__Extracted records__

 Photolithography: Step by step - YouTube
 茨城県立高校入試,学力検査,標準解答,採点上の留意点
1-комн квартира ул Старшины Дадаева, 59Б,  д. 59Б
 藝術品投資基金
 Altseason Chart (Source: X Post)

--

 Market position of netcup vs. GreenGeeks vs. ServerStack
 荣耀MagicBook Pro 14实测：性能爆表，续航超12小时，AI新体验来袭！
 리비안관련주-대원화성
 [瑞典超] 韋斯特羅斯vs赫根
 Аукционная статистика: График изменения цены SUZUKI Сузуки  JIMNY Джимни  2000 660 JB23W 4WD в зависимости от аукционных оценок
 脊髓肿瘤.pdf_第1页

__What to do__
Write down exactly the span of lines above from the one containing "Аукционная статистика: График" to the one containing "脊髓肿瘤.pdf_第1页", both ends included.

__Result for this task__
 Аукционная статистика: График изменения цены SUZUKI Сузуки  JIMNY Джимни  2000 660 JB23W 4WD в зависимости от аукционных оценок
 脊髓肿瘤.pdf_第1页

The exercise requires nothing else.